Invitation to an Insect Rendezvous

Artist Brandon Ballengée asks us to spend an intimate evening with bugs.

Leila Christine Nadir

Strangers in the Night

The project began as an informal experiment more than a decade ago. Impressed with the biodiversity of the local tropical ecosystem during a trip to Costa Rica, Ballengée decided one evening to leave some bed-sheets and battery-powered flashlights on the forest floor to see what would happen. The results shocked him. Countless beetles, caddisflies, ants, lacewings, and other species appeared, and female moths left behind what Ballengée calls “paintings”: luminescent trails of pheromones released to attract mates. He found the experience so moving that he set out to bring this spectacle to the public. With Love Motels for Insects, people all over the world have been able to experience the charming qualities of amorous little bugs.

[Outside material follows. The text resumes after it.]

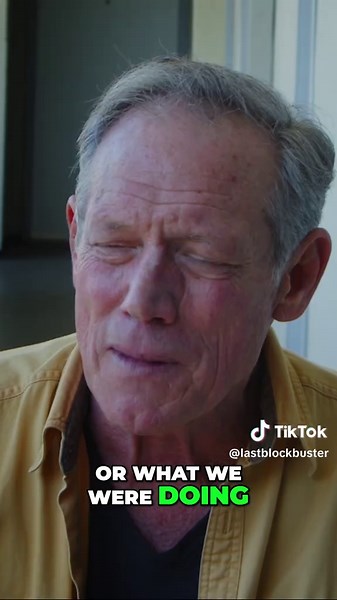 watch Getting LOST www.gettinglostdoc.com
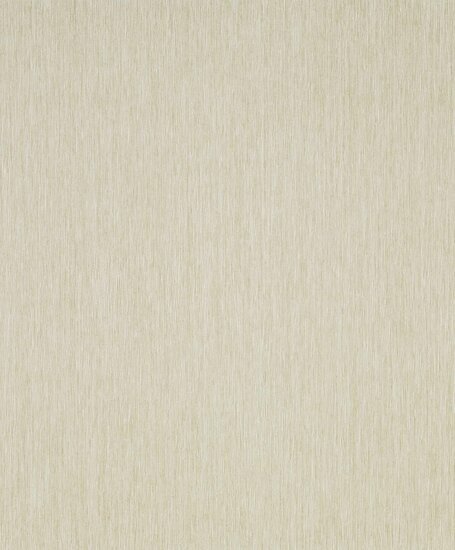 HookedOnWalls LIAISON NUMA 46332 Behang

Since his Costa Rica experiment, Ballengée has installed Love Motels in shopping malls in New Delhi, on a boat in Venice, beside Aztec ruins in Mexico, on London rooftops, in New York City’s Central Park, and in a range of ecosystems, including forests, mountainsides, bogs, and marshes. He admits that occasionally some visitors run away in fear when the insects begin arriving on the scene, but much more often, distress gives way to admiration, aversion gives way to awe. Everywhere a Love Motel appears, human beings, eventually, are just as shocked by the arthropods’ diversity and the unexpected beauty of their one-night stands as Ballengée was that night in Costa Rica back in 2001.

Click to Enlarge ImageAlthough the basic structure of Love Motels for Insects remains consistent, the installation never appears the same way twice. At each site, visitors observe local insect behavior and engage with landscape, biodiversity, and science in ways that are different every time. Sometimes the Motels coincide with festivals or concerts, picnics or film screenings. In New Haven, Connecticut, for example, Yale Peabody Museum scientists worked on identifying the mating insects while local artists created insect-themed graffiti. At each Love Motel, art and science collaborate, and bugs and humans come together, in recognition of the arthropods’ importance to life on this planet. The artistry extends beyond the physical object or installation, and beyond its visual beauty, into the unique events, interactions, and collaborations that result.